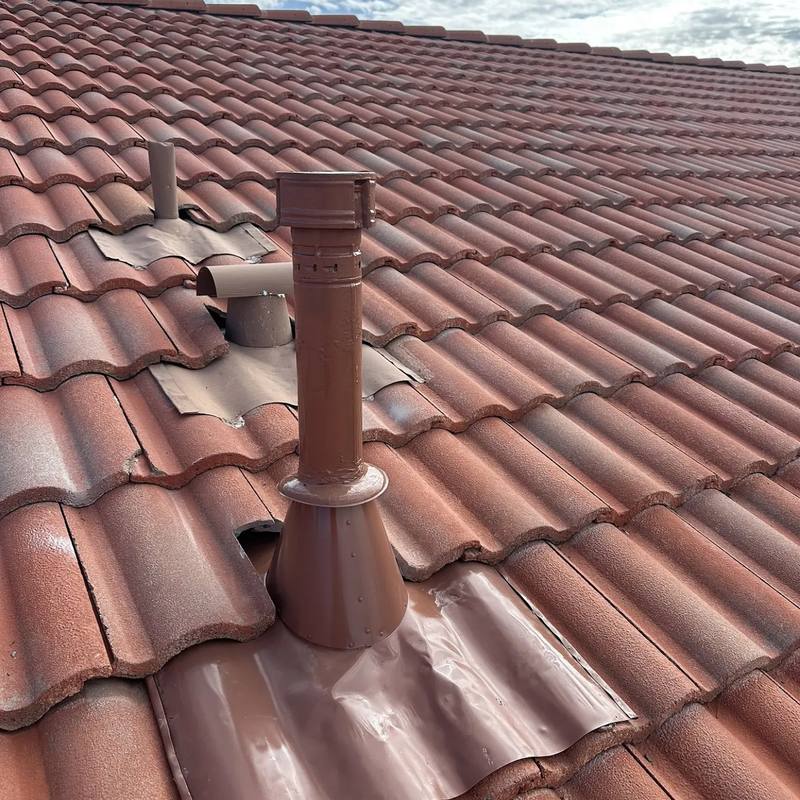 The same vent pipe after SolTerra installed new flashing and reset the tile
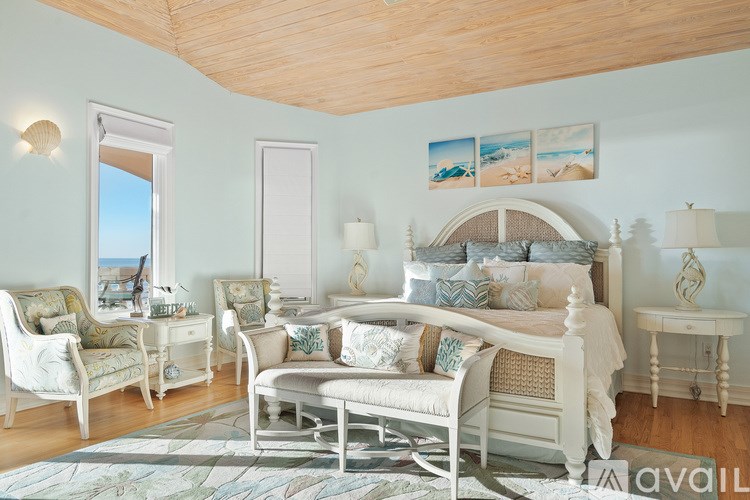 A bedroom with a large bed, a chair, and a table.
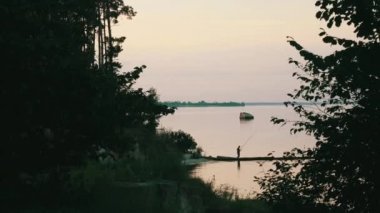 deniz arka planda balıkçı silüeti  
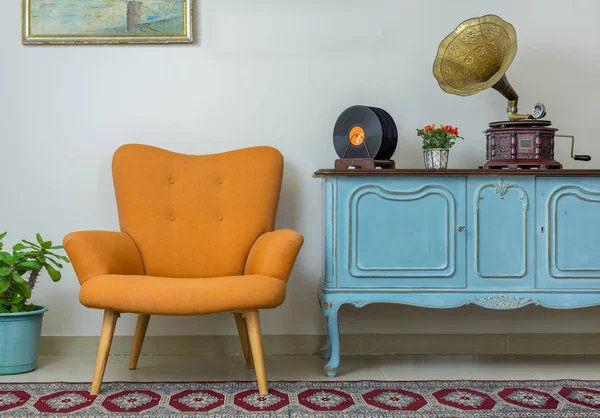 Sillón retro naranja, aparador vintage azul claro de madera, fonógrafo antiguo (gramófono), discos de vinilo sobre fondo de pared beige, suelo de porcelana alicatada y alfombra roja — Foto de Stock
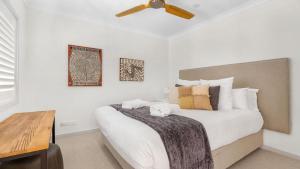 波高尔宾Hunter Dreaming的卧室配有一张白色大床和吊扇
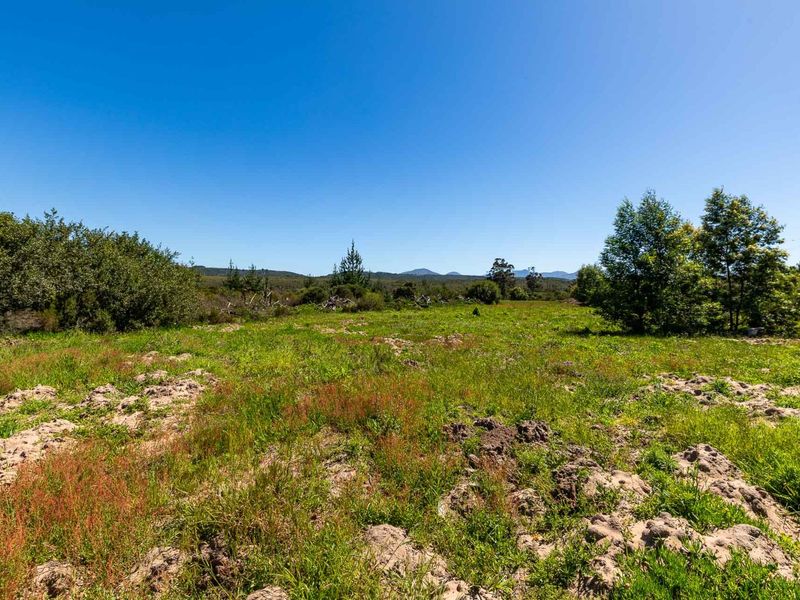 A view of the vacant residential land featuring natural vegetation, uneven terrain, and distant mountain views under a clear blue sky.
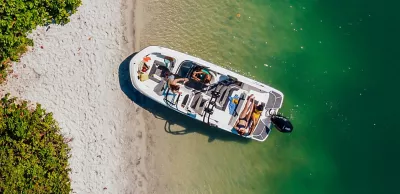 Four Women Riding on Bayliner Deck Boat, Stern View, Boat Underway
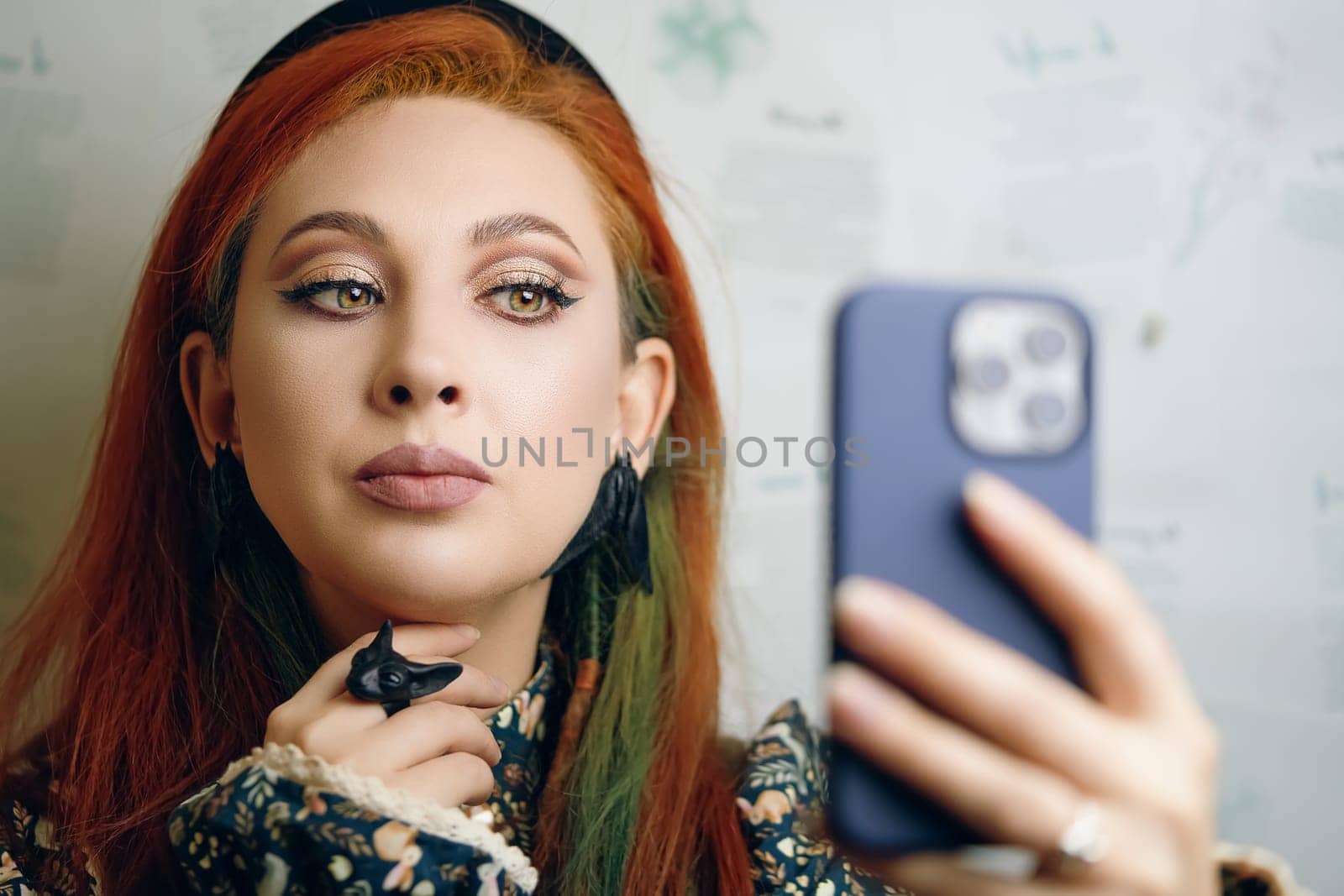 Beautiful girl takes a selfie on the front camera of a modern smartphone. Female blogger films herself for a fashion and makeup blog. Red-haired woman with jewelry in Gothic style. Witch aesthetic.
+ + + + +
ABOUT THIS TASK:
Copy the final stretch of lines, starting at the one that holds "A view of the" and ending at the last line of the data, exactly; omit pictures.

WRITTEN REPLY:
 A view of the vacant residential land featuring natural vegetation, uneven terrain, and distant mountain views under a clear blue sky.
 Four Women Riding on Bayliner Deck Boat, Stern View, Boat Underway
 Beautiful girl takes a selfie on the front camera of a modern smartphone. Female blogger films herself for a fashion and makeup blog. Red-haired woman with jewelry in Gothic style. Witch aesthetic.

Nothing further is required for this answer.